All of a sudden, we were in the botanic gardens. Giving up on my 4 hour goal, I just focused on chugging along, one foot in front of the other. Single digits left, one drink station to the next.
Run your own race, go your own pace.
Then it happened. The terrible choice – run, or follow in the poor sod’s footsteps. I was furious with myself. I looked desperately for a porta-loo, but none in sight.
Instead, I walked for about 200m and concentrated on breathing. A man with the best of intentions encouraged me along – I didn’t have the heart to tell him that if I ran, he did NOT want to be behind me.
I picked it up again, only to have the same thing happen at about 40.3km.
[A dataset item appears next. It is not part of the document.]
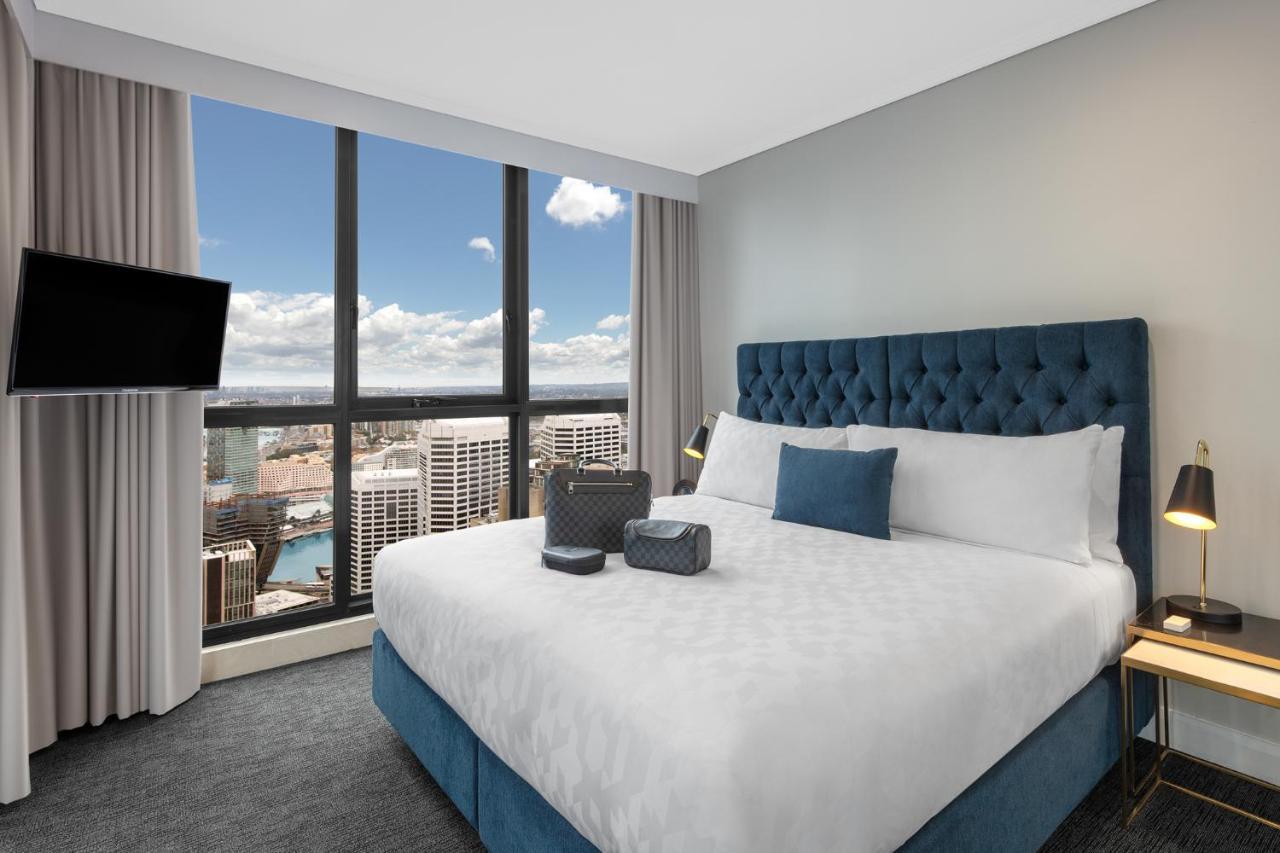 Meriton Suites Pitt Street, Сидней Экстерьер фото A bedroom at the hotel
I gritted my teeth, had a quick walk, and figured there was a drink station within the next km.
When I first saw the course map, I was shocked that there was a drink station so close to the end.
Holy crap was I glad it was there.
At this point there was no turning back. Somehow, some way, I made it into the MCG.
We had about 300m to run once inside. I thought I had nothing left, but then I saw the clock – 4:08:45. I have no idea why I could push then, but I did. I crossed the line a little after 4:09, and immediately lost the plot. I don’t know what I looked like, but a volunteer grabbed me immediately after I crossed the line. Embarrassingly, she sat me down at the first aid tent, where I was told to sit still and drink slowly.
None of that! I tried to get up as soon as I could, only to find my legs wouldn’t work. With no thought other than ‘get out’, I shuffled down the ramp slower than I thought was possible. I cried.
I looked up, and saw Mr The Rake and Chelsea banging on the glass. I waved, and continued shuffling.
I finally got through the medal carriers, the drink stations and the clothes pick-up (which I didn’t use) and found myself outside.
Mum, Dad, Chels and The Rake were nowhere to be found.
I walked toward the expo, found a doorway, sat down, and bawled. I had nothing left. Nothing.
After what seemed like an eternity I stood up, and shuffled directly into Chels and Mr The Rake. I have never been so glad to see anyone in my life! They had phones. I could sit.
Realising I was in bad shape, they offered the world’s best advice:
You’ve just run a marathon! Feel free to shit yourself.
I loved them so much at that point (and no, I did not).
You know what? I finished. I finished a freakin’ marathon.
Anyone up for the Gold Coast half next July? Or the Rozelle 10km in December?
Give me a few weeks - this runnerchick is a runnerchick for life.